Task requirements:
Where a picture appears, leave it out, and print the rest of the records as they are.
::::::::::
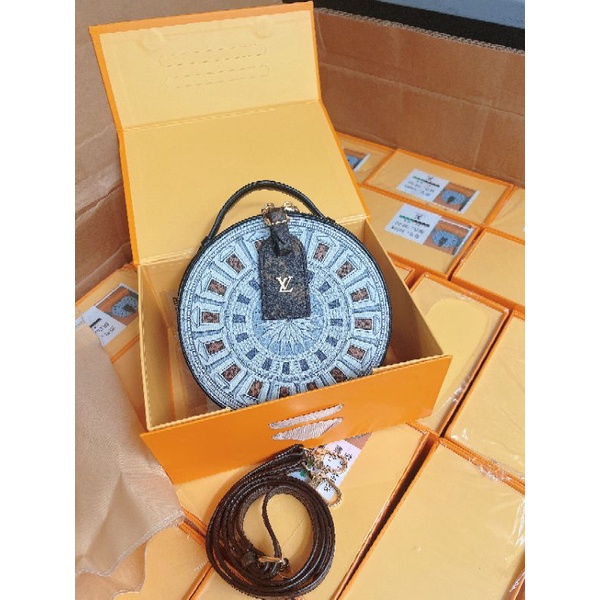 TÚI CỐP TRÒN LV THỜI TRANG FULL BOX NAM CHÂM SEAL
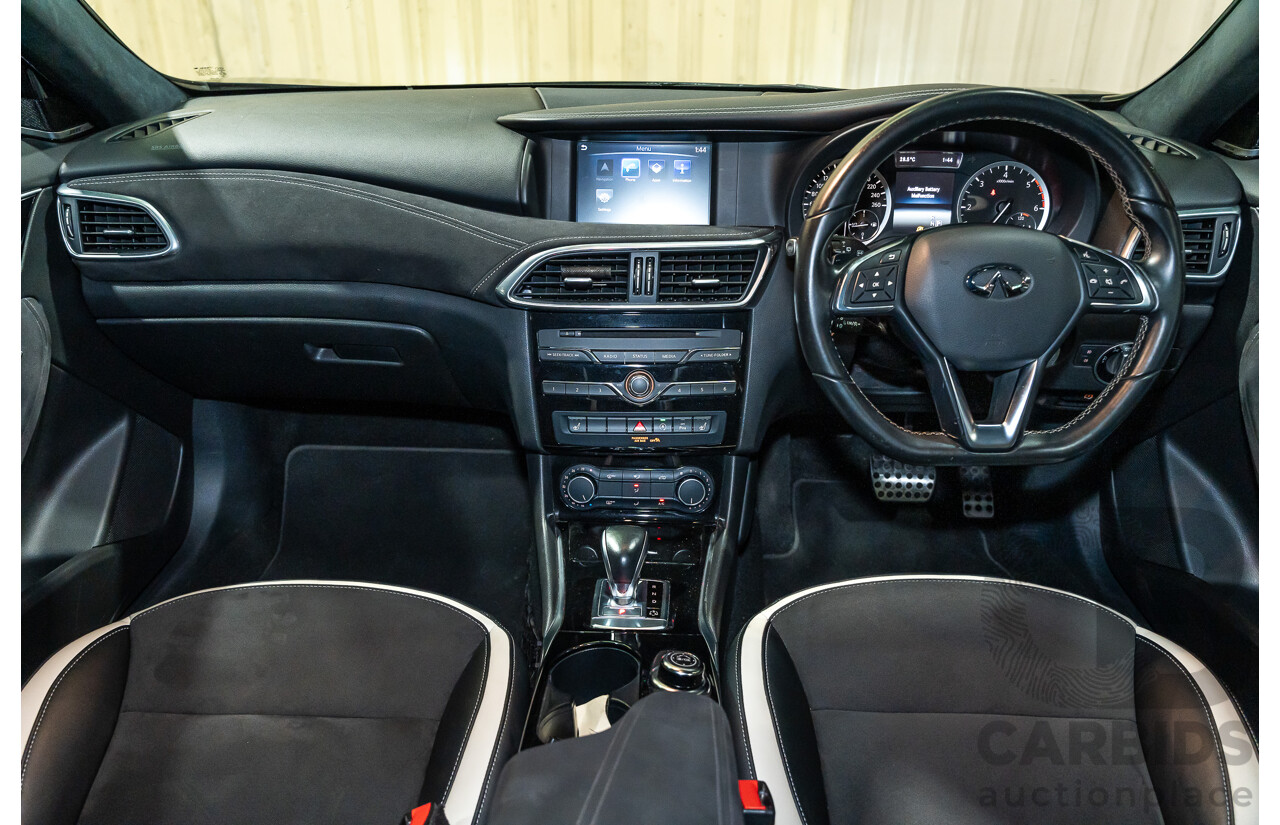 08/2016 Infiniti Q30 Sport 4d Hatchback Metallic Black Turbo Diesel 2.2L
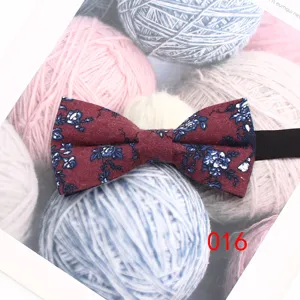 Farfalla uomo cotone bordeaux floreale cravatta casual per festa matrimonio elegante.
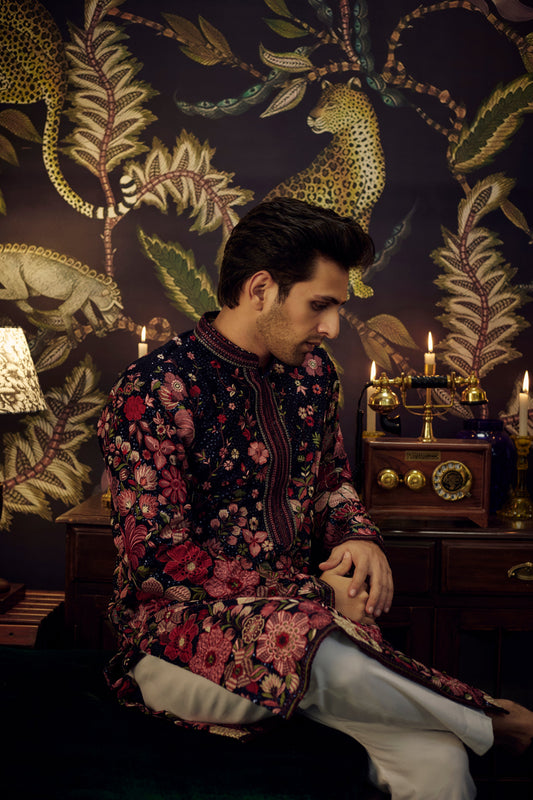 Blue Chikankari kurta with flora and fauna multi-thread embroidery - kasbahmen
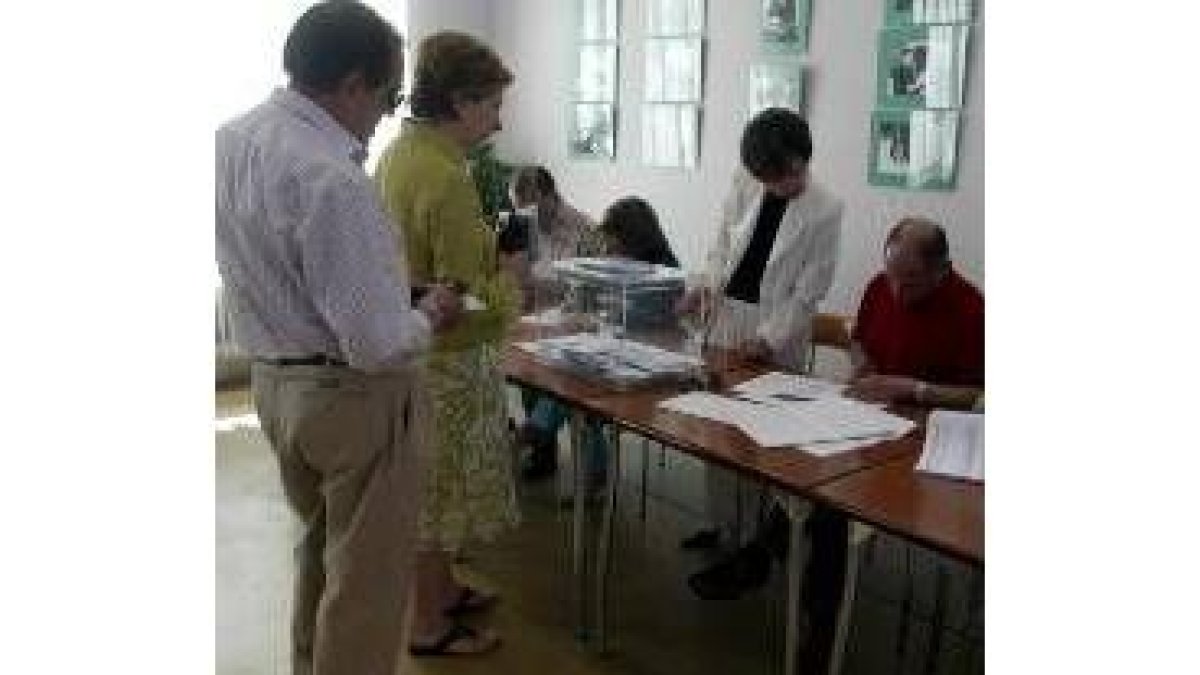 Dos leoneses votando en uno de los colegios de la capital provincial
::::::::::
Answer box:
 TÚI CỐP TRÒN LV THỜI TRANG FULL BOX NAM CHÂM SEAL
 08/2016 Infiniti Q30 Sport 4d Hatchback Metallic Black Turbo Diesel 2.2L
 Farfalla uomo cotone bordeaux floreale cravatta casual per festa matrimonio elegante.
 Blue Chikankari kurta with flora and fauna multi-thread embroidery - kasbahmen
 Dos leoneses votando en uno de los colegios de la capital provincial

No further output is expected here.